Engine: Jim has a couple of Hemi-powered Mopars, so he wanted to build a Max Wedge for the Plymouth. He and engine builder Rod Marinucci spec'd out a great combination of parts, not the least of which are a forged Callies stroker crankshaft, forged Crower rods, 11.0:1 Diamond pistons, and Speed Pro rings. Plum Crazy Racing in Ladysmith, Minnesota, did the machining, and everything is blueprinted and balanced. The stroker crank afforded a nice bump in displacement, and his RB engine now measures 498 ci. The cam is a solid roller from Bullet. It measures 251/255 duration and 0.605-inch lift. The lifters are from Crower, and the pushrods are from Smith Bros. The Brodix B1 cylinder heads house Manley 2.20/1.80-inch valves, Harland Sharp rocker arms, and Bullet valvesprings. They were ported and gasket-matched prior to being bolted on.

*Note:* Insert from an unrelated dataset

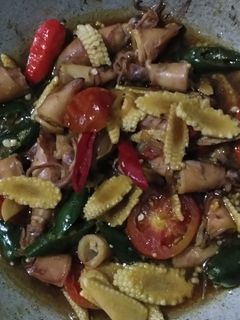 Foto resep Oseng cumi asin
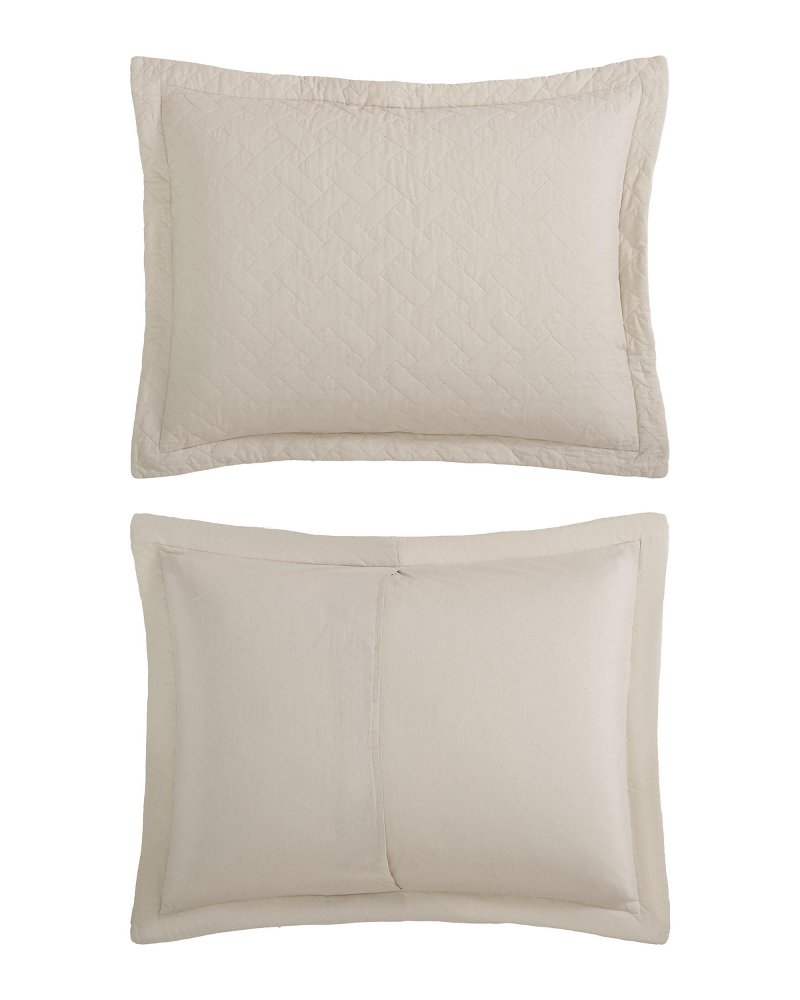 Raffia Solid 2-Piece Twin Quilt Set - Beige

Induction: The cool, Indy Super Stock intake is generally considered a race-only piece because its large plenum area was designed for high-rpm flow rather than street driving. Jim says the cam timing he chose helps keep the intake velocity up, and he reports no problems cruising this car to his local car shows. A pair of Edelbrock 750 carbs feed this hungry RB.
Exhaust: The TTI headers are off-the-shelf parts. Jim says they had to do a little clearancing to get them to fit due to the raised exhaust ports of the Brodix heads, but no major surgery was needed. They dump into a 3 1⁄2-inch exhaust system with a pair of Flowmaster mufflers.
Ignition: A billet MSD distributor, MSD Pro Coil, and MSD 8.5mm wires fire off the NGK plugs.
Transmission: Jim built the 727 TorqueFlite trans for his car, augmenting it with a reverse-manual Turbo Action valvebody, a TCI deep transmission pan, and a 10-inch Dynamic torque converter.
Rearend: Seeking more strength, Jim swapped in a Dana 60 rear axle with Richmond 4.88:1 gears and Moser axles.
Suspension: Stock torsion bars and upgraded polyurethane bushings are up front. The rear axle has leaf springs, they're just mounted way inboard to make room for the massive wheeltubs.
Brakes: Wilwood discs are up front; the stock drums are on the back.
Wheels/Tires: We like the Billet Specialties Street Lite wheels Jim's Savoy is wearing. They measure 15x4, and 15x15, respectively. On them are Moroso Drag Special front runners and awesome 15x22.5 Hoosier Quick Time DOT bias-ply tires. According to Summit Racing's website, these tires "feature a reduced tread pattern that somehow got DOT approval and a special soft compound that provides gobs of traction." Maybe that guy could write for us.
Paint/Body: Jim was proud to point out that his Savoy's sheetmetal is all original: "The car spent several years in California before being brought back to Michigan," he says. He did have it painted after it was all put together. Clayton Hargrave of Rice Lake, Wisconsin, sprayed the flawless black PPG basecoat/clearcoat.
Interior: The interior is as original as possible. Redline Gauge Works did the dash, and Jim had the Super Stock bucket seats covered with new material.
Thanks: Jim wanted to thank engine builder Rod Marinucci, "engine builder and all-around great guy."